The Economist magazine has just released its latest Big Mac Index, which offers a light-hearted snapshot of whether currencies are sitting at their 'correct' level.
The London-based publication regularly looks at the prices of Big Macs in 48 countries and compares them with the American average, which was US$4.37 on January 31.
A Big Mac in New Zealand currently costs an average $5.20, which amounted to US$4.32 based on an exchange rate of $1 to US83.9c.
That showed the kiwi was undervalued by 1 per cent, The Economist said.
New Zealand was in the company of only three countries whose currency was 'correct' at present.
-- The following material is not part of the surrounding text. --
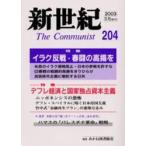  новый век The communist no. 204 номер (2003-5 месяц )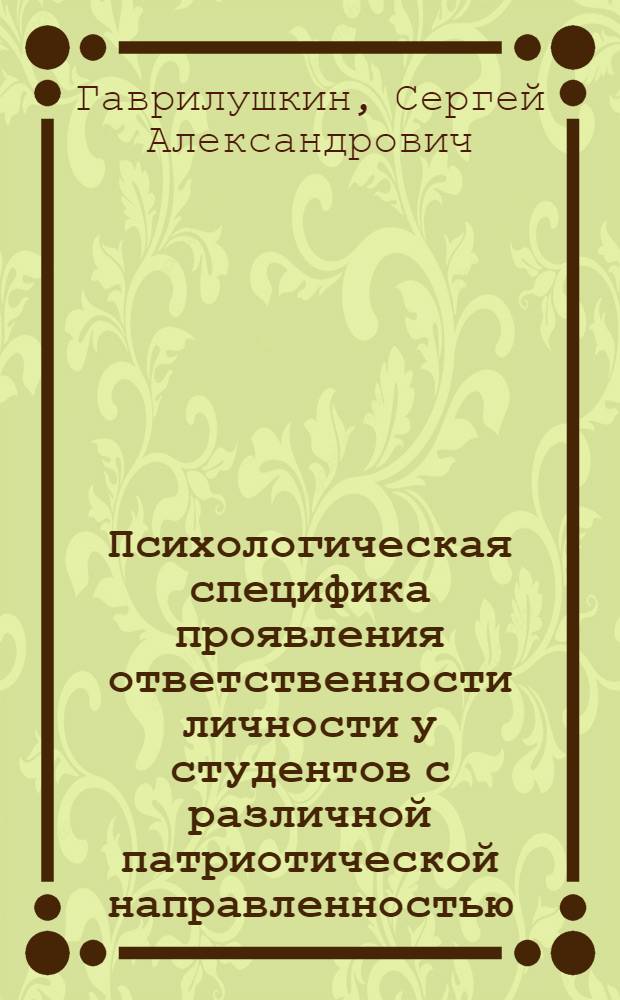 Психологическая специфика проявления ответственности личности у студентов с различной патриотической направленностью : специальность 19.00.01 <Общая психология, психология личности, история психологии>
The most overvalued currency (by 107.9 per cent) was the Venezuelan bolivar, where a Big Mac costs the equivalent of US$9 in the South American country.
India's rupee was found to be the most undervalued currency (61.8 per cent), where locals could pick up a Big Mac for US$1.67.
In China, the burger currently costs only US$2.57 at market exchange rates, meaning the yuan was undervalued by 41.1 per cent.
A long-term view of New Zealand's position on the index showed the kiwi was at its most undervalued (42.6 per cent) in April 2001 and its most overvalued (8.5 per cent) in July 2011.
The high dollar has been a headache for New Zealand manufacturing bosses, who this week slammed the Government for failing to control the high exchange rate.
Speaking at a Parliamentary inquiry into manufacturing being run by Labour, the Greens and New Zealand First, a string of leaders complained that the high dollar is destroying their sector.
About 40,000 manufacturing jobs have been lost since 2008, said Engineering, Printing and Manufacturing Union general secretary Bill Newson.
"Last year the trend accelerated and we had two companies a week notifying us they needed to talk about redundancies," he told the MPs.
Industry heads said the Reserve Bank's single monetary policy goal of targeting inflation was past its use-by date and it needed to consider the exchange rate.
Although The Economist has been running its Big Mac index since 1986, it warns the data should not be taken too seriously.
"Burgernomics" was never intended as a precise gauge of currency misalignment, merely a tool to make exchange-rate theory more digestible."
The kiwi dollar was trading at 83.67 cents this morning.